Cuban exiles leave Key West for memorial flotilla off Havana
KEY WEST, Fla. -- (AP) -- Five boats carrying dozens of Cuban exiles left Conch Harbor Marina early Saturday for a memorial service to be held in international waters off Havana later in the morning.
The flotilla, organized by the Miami-based exile group Democracy Movement, departed the marina around 12:27 a.m. EDT and was expected to reached a point 12 1/2 miles off the Cuban coast around 9 a.m., said Ramon Saul Sanchez, the group's leader.
It is the sixth consecutive year the exiles have organized the flotilla, which started in 1995 as a way to remember 41 men, women and children who drowned on July 13, 1994 while trying to flee Cuba in a tugboat. Cuban gunboats sank the boat by flooding it with water from hoses.

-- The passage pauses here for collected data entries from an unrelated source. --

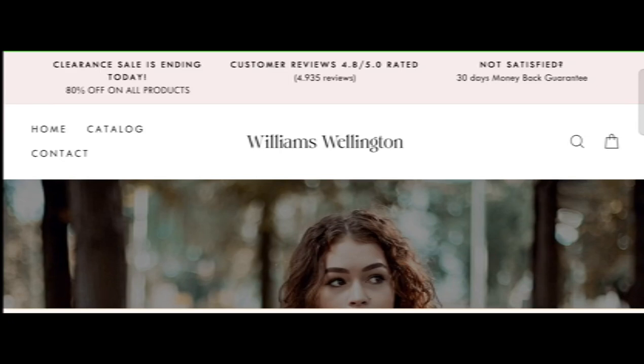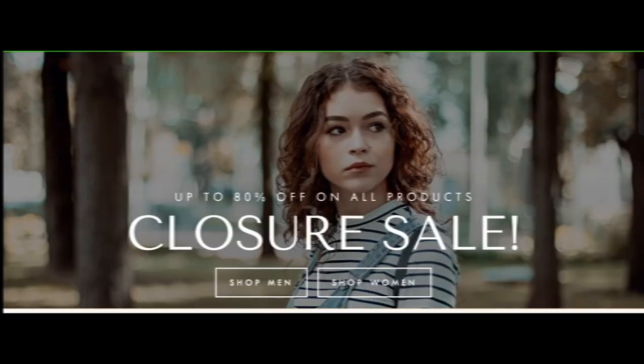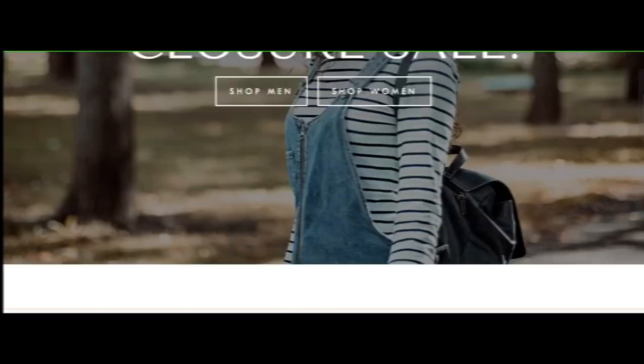Hey everyone, welcome. In today's video, do you want to know about William's Wellington review? We are going to provide you with an unbiased review. If you've bought any product from this site, or if you have already experienced any fraud on this site, then watch this video till the end — by the end you'll know the legit method of this site. Let's get started.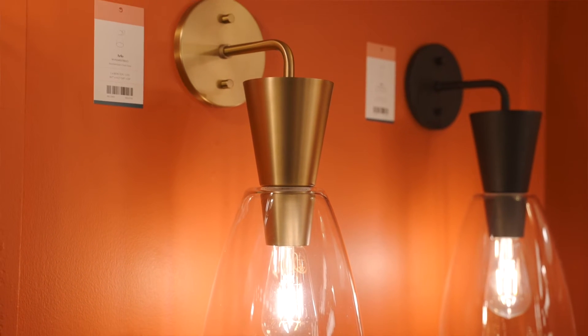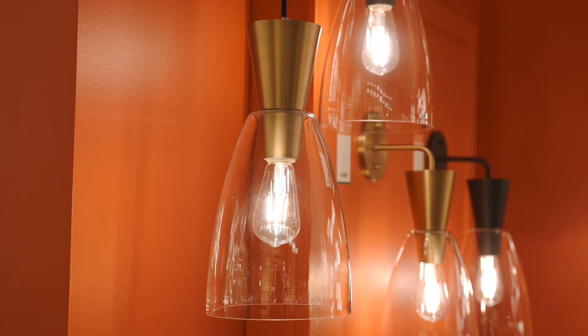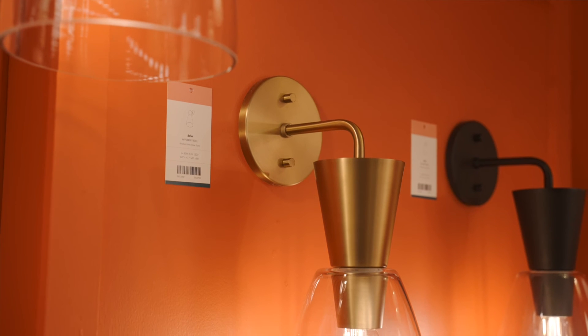You have glass and metal, they play together with their shapes. They light up a space both directly and indirectly, so you have the direct light from obviously the light itself, but then you have the reflective light on the glass and it plays with the shadows, the metal as well.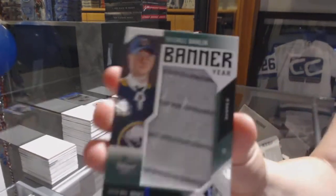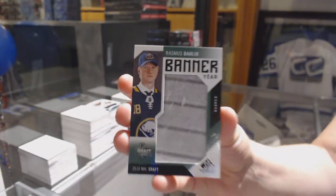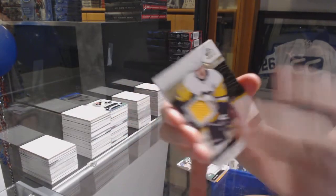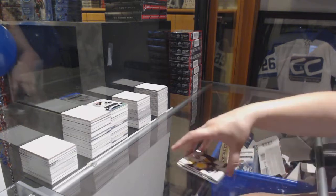We've got a banner here of Rasmus Dahlin for the Buffalo Sabres. BH jersey for the Penguins — Evgeny Malkin — and a Chris Letang All-Star Skills jersey for the Penguins.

``We will commemorate this event with mirrors and flowers,'' Sanchez said. ``In Cuba, several groups ... will do the same thing from the Malecon district (in Havana). This is a symbolic bridge between people in the two countries.''
Sanchez insisted the flotilla, which also consists of four airplanes, will not stray into Cuban territorial waters. However, he said the group will protest a U.S. law that calls for the confiscation of any American vessel that leaves U.S. territorial waters with the intention of entering Cuba.
``This law is aimed at us,'' said Sanchez, refusing to elaborate on how he planned to protest the law. ``We are going to challenge proclamation in a limited, proactive and nonviolent way.''
Sanchez said five of the 10 boats that were supposed to make the trip backed out because their owners feared the U.S. government would use the law to confiscate their vessels.
On Friday, President Bush ordered stricter enforcement of the U.S. trade embargo against Cuba and greater support to dissidents on the communist island.
Bush also said he was asking the Treasury Department to do more to ensure that American tourism in Cuba, banned by law, is not occurring under the guise of permitted pro-democracy cultural exchanges.
Sanchez said he was hoping Bush would eliminate the law.
Luis Diaz, a Coast Guard spokesman, said his agency will have ships shadowing the flotilla to make sure no boats stray into Cuban waters.
Brothers to the Rescue, another Miami-based Cuban exile group, will also send planes to fly over the flotilla, said Jose Basulto, the group's leader.
He said the planes will head to a point 28 miles north of Havana -- an area known to Cuban exiles as Martyrs' Point -- as a way to remember the 41 tugboat victims and the four Brothers to the Rescue pilots who were killed on Feb. 24, 1996 when their planes were shot down by Cuban fighter jets.
Basulto said Martyrs' Point was where the attack took place.